The "Other" Mansions
It must be hard to keep up with the Vanderbilts. When grandpa Cornelius died his adjusted net worth was $185 billion dollars.
Even a full throttle effort to make poorly considered investments (say, bitcoin or a warehouse inventory of colorful leggings) would still be hard for the grand-grand-grand-grand kids to blow.
I've already shown you The Breakers. The family's Newport, Rhode Island summer getaway that was inhabited just 6 weeks per year.
Imagine that's your neighbor. The 40% off coupon to Hobby Lobby for a fake wood "Live, Laugh, Love" wall piece is not going to cut it.
So take a stroll drown from The Breakers and step inside the lesser revered "summer cottages" to truly immerse yourself in the most expensive ding dong measuring contest of the Industrial era.
The Marble House - made almost completely of marble giving it the warm, welcoming glow one might anticipate inside a bank or divorce lawyers office. Ah, home.
Or my favorite, Rosecliff, a gift to a silver heiress who evoked Curious George in her fated effort to outdo every other block party.
She announced a Prince would be in attendance. At dinner, a sassy monkey ran into the ballroom dressed in royal regalia. Regrettably, after one too many drags off the champagne the little guy was plastered and took to the chandeliers.
Drunk and probably underpaid, the chimp started hurling lightbulbs at the guests.
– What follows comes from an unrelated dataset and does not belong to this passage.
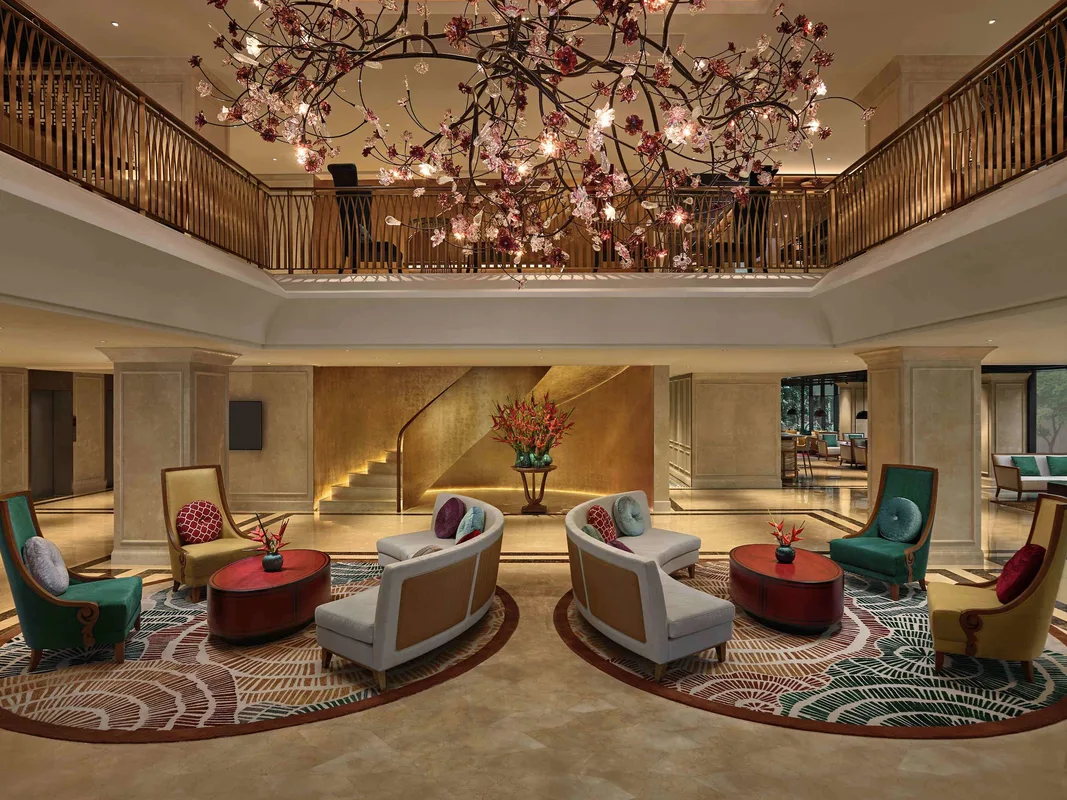 Grand Mercure Hanoi — hoofdfoto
After decades of decadence that was the first time someone considered that perhaps the Newport lifestyle had gone a bit...overboard.
Our silver heiress would later lose her mind as World War I began and society shamed the ultra-wealthy. Hers and every other mansion was then considered excessive, dated and a hassle to inherit.
They fell into disrepair. Some were sold at auction for a few thousand dollars.
Before her death the heiress would roam her empty ballroom alone, encouraging the visions of her past to have just one more glass of champagne.
Today you and 3,000 of your closest friends who lack spacial awareness can tour all of these.
We imagine what it must have been like to live in such splendor. We fantasize about what *we* would do with all that money.
Presumably forgetting that the Guilded Age, and extreme wealth in general, is all but a veneer. It isn't promised to last and not a single one of them took a penny to the grave.